- **Exercise prompt**: Once you find the line with "2020-kenworth-t680-image-23" in the entries below, print it and each line after it up to and including the line with "Ancienne armoire d’atelier", exactly, without pictures.

- **Dataset records**:
--- START ---

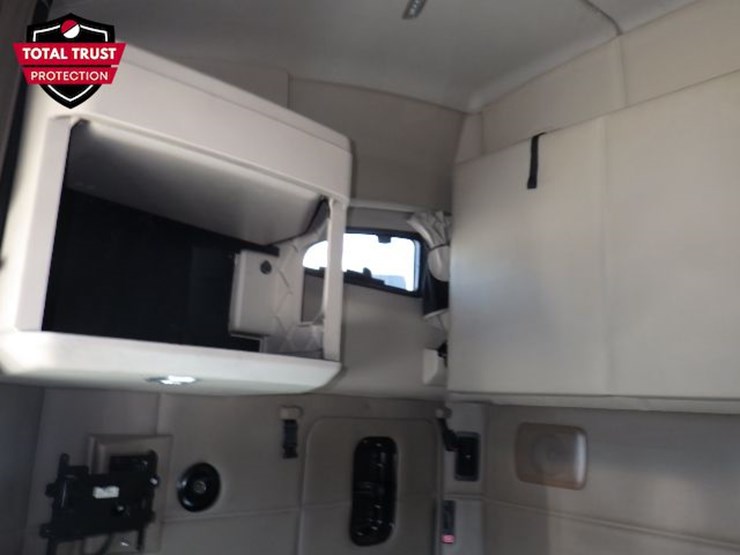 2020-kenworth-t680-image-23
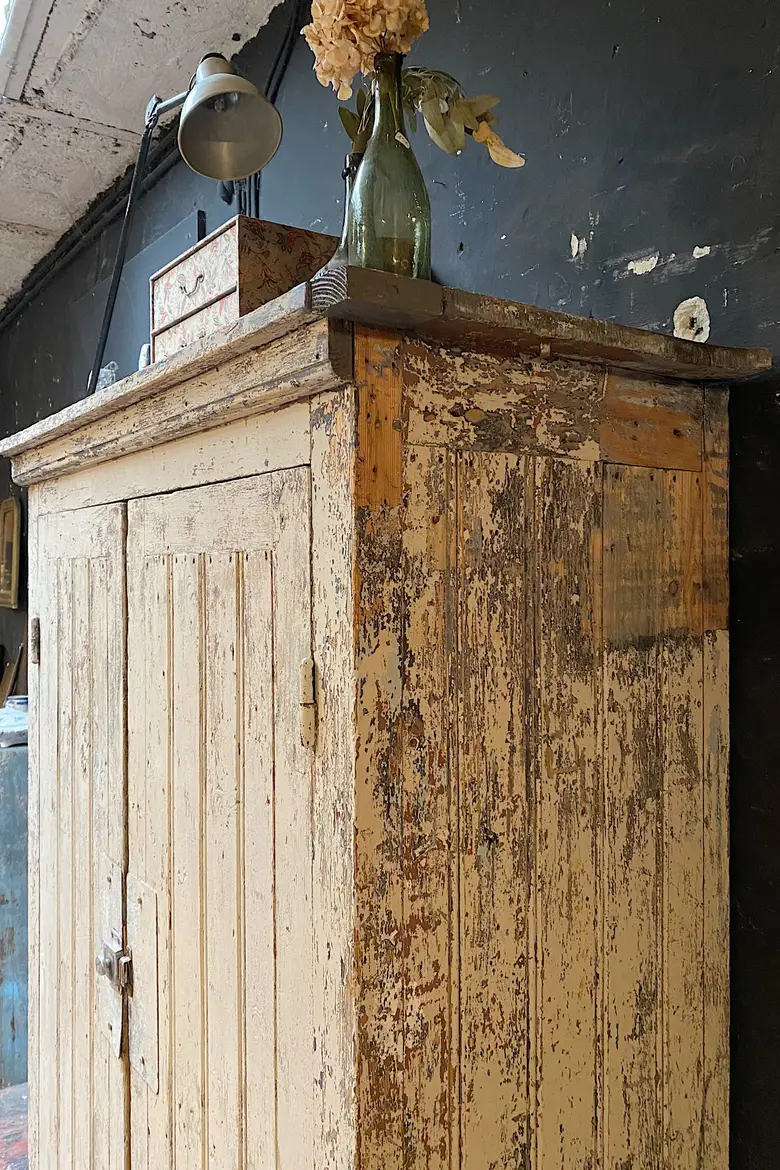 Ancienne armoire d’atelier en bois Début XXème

--- END ---
--- START ---

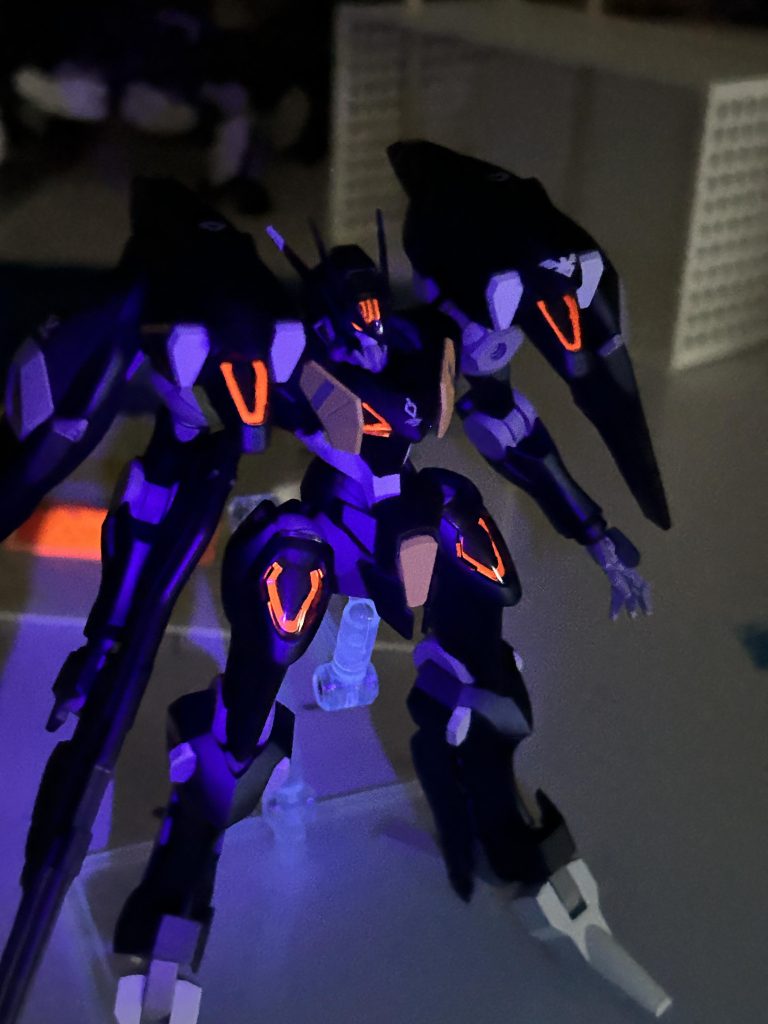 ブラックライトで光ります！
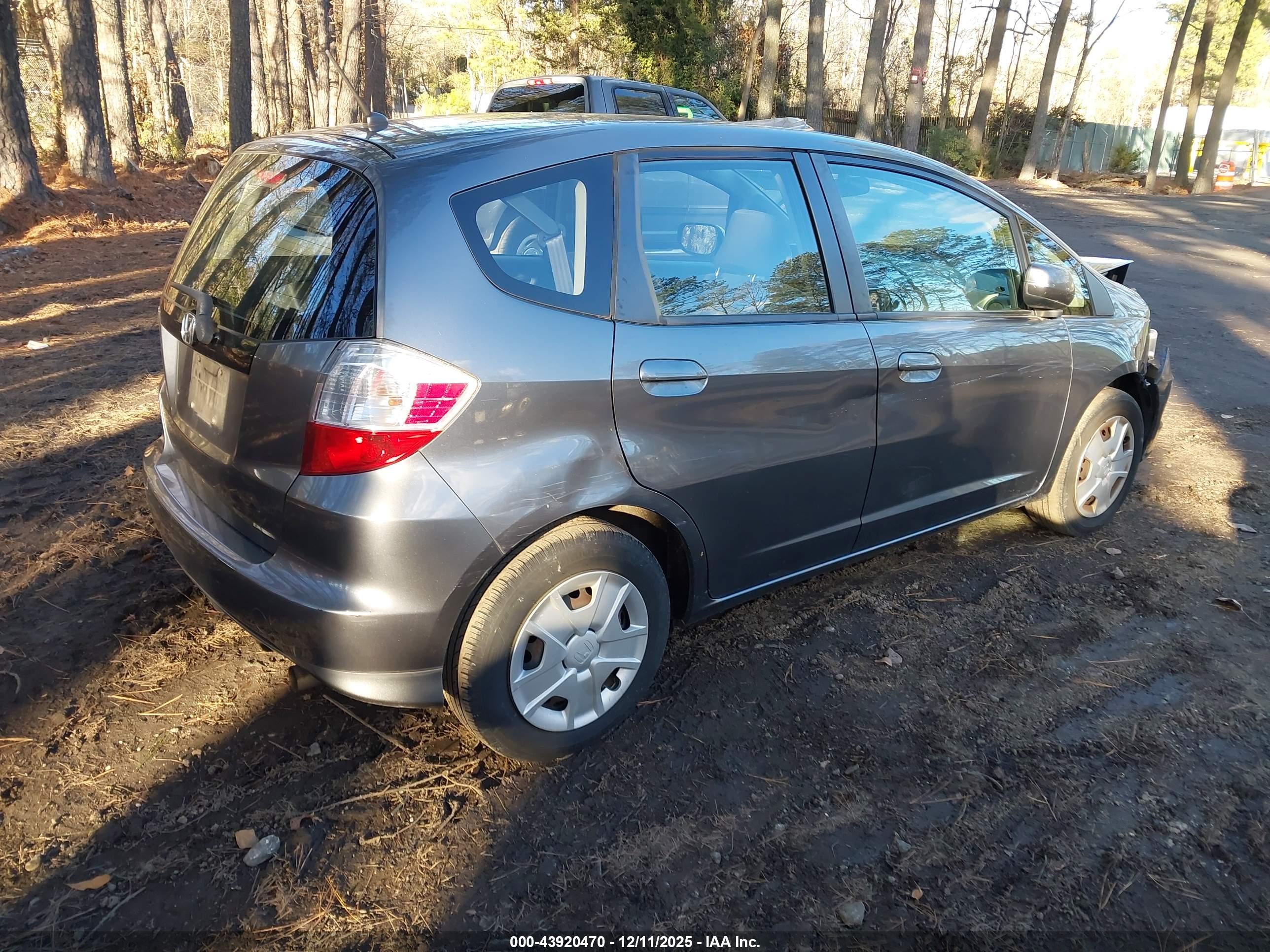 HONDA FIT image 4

--- END ---

- **Response**:
 2020-kenworth-t680-image-23
 Ancienne armoire d’atelier en bois Début XXème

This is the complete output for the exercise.